In 2017, IBM estimated we create 2.5 quintillion bytes of data every day. As this number continues to grow exponentially, so does the very common misconception that larger quantities of data equate to a deeper understanding of people. It’s an idea present across every industry and sector, largely addressed under the guise of “big data.”
The reality for most companies–and one especially true for marketers–is that most of the “big data” that decision makers have access to isn’t all the information needed to make accurate choices related to current and potential customers. There’s simply too much data for any one person to intelligently comb through, much less extrapolate meaningful, actionable insights from. The customer’s voice gets lost in the data.
To handle the overload, some leading marketers have naturally begun to shift toward what Martin Lindstrom coined in 2016: small data. Bite-sized pieces of information that drive meaningful and intelligent decision-making, small data can paint a much more comprehensive picture of an audience in the moment. In today’s business climate, where growth is highly dependent on providing great customer experience, having an accurate understanding of customers’ overall feelings and attitudes–about your brand, specifically, but also the world at large–ensures you’ll be able to offer the right products and solutions for their needs.

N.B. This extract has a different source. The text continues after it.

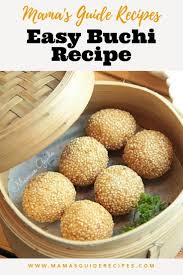 Buchi Mama S Guide Recipes Buchi Recipe Filipino Food Dessert Philippines Recipes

That isn’t to say you should entirely eschew larger, bigger data sets. Both can be incredibly valuable, but customer feedback needs to represent the emotional or human experience, as well as the quantitative feedback. You simply have to be willing to listen to what your customers want to say, and have the discipline to keep the customer in the room when making decisions.
Take eBay, for example. Aiming to uncover the true voice of its customers, eBay used an integrated approach to identify key drivers of joy and frustration across different user experiences. The combination of survey and video interview techniques within the research phase helped the brand better understand customer pain points and clarify its problem-solving solutions.

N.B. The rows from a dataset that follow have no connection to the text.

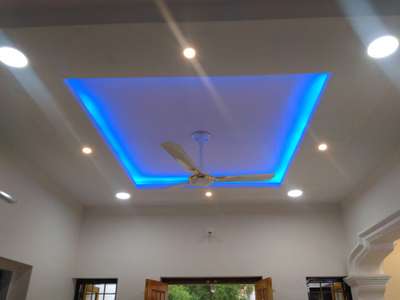 1200sq home fully ceeling lighting work 10000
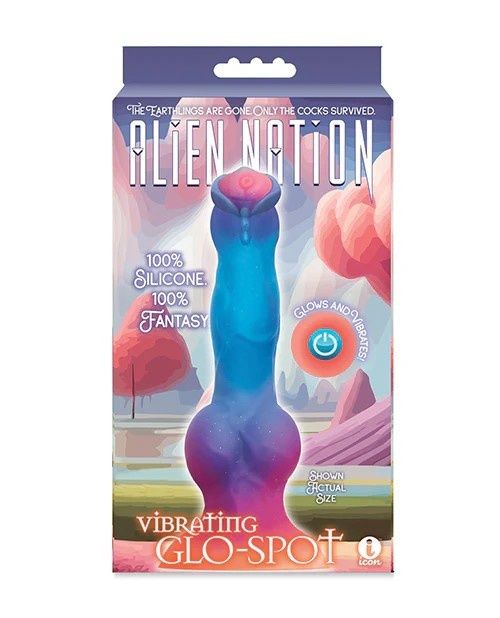 VIBR ALIEN NATION GLO SPOT
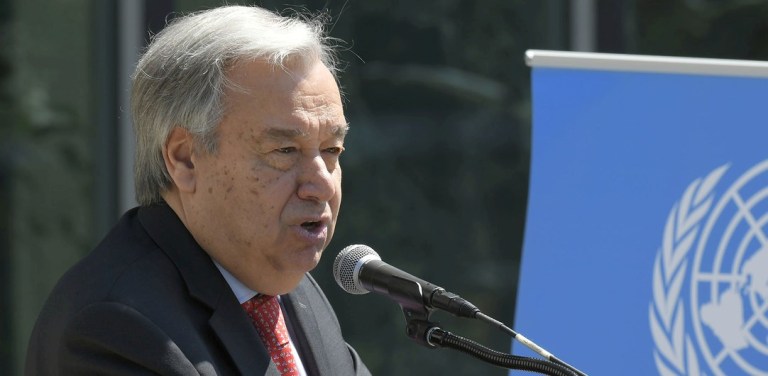 UN chief welcomes Sudan’s launch of final phase of political transition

If you’re attempting to build an exceptional customer experience without a holistic understanding of your audience, any data you collect will render “the voice of the customer” as useful as white noise. It’s similar to how we look at survey data used in combination with video interviews or focus groups: together they provide far more accurate a description than either could on its own.
So how can you effectively harness the power of data to build a better customer experience? Really listen to what your customers have to say.
The quickest way to lose a customer’s loyalty is to assume you know how he or she will feel about or react to a product or campaign, so eliminate assumptions and think about how you can maintain an open line of communication. Customers are more than willing to give feedback and let you know exactly what you could be doing to make them happier, the good and the bad. In fact, in a recent Harvard Business Review article, marketing researchers at Boston and Stanford Universities revealed that even “moderately positive reviews were not just seen as more persuasive but as more helpful.”
There is incredible value in all forms of feedback. I think about a survey we recently conducted looking at sentiment on LGBTQ representation in the media. Designed to provide a snapshot of how people feel about this demographic’s portrayal in the public eye during Pride Month in the US, our survey actually underscored the importance of advocating for a community even when there was no direct benefit to the company. Herein lies the undeniable importance of listening, and then responding, to what your customers have to say.
Once you’ve established a more fluid channel of communication with your customers, embrace an “ask first mentality.” Companies fail the most when they assume they know better than the customer or jump on trends merely for the sake of trying to get involved in the cultural conversation of the day. As we found in our LGBTQ study, authenticity speaks volumes when considering your customer experience.
That said, customers’ opinions change based on myriad factors, so it takes more than asking one or two infrequent questions to have an accurate sense of what they expect and want. Research conducted on a regular basis will inherently deliver more useful insights than an ad hoc or ‘one and done’ approach. The good news is that with the array of research technology available on the market today, it’s easier than ever to pressure-test how your ideas will resonate with customers. By working with a partner able to combine customer surveys with video interviews and online focus group platforms, brands today are better able to bring together participants across multiple geographies and demographics in real-time to deliver humanized insights and ensure that products and campaigns will best resonate with audiences.
Making a fundamental commitment to hearing your customers’ voice and embracing it across all facets of your company, create a better overall experience with your company. Loyalty is finicky to begin with, and it doesn’t take much for a customer to shift to another brand if they feel your company no longer fulfills his/her needs. If you expect your customers to tell you what they think or how they feel about your company or product, openly communicate with them along the way. With an always-on approach to listening to and understanding customers–rather than sporadically adding to a big data backlog–you’re more likely to build lasting, and loyal, relationships.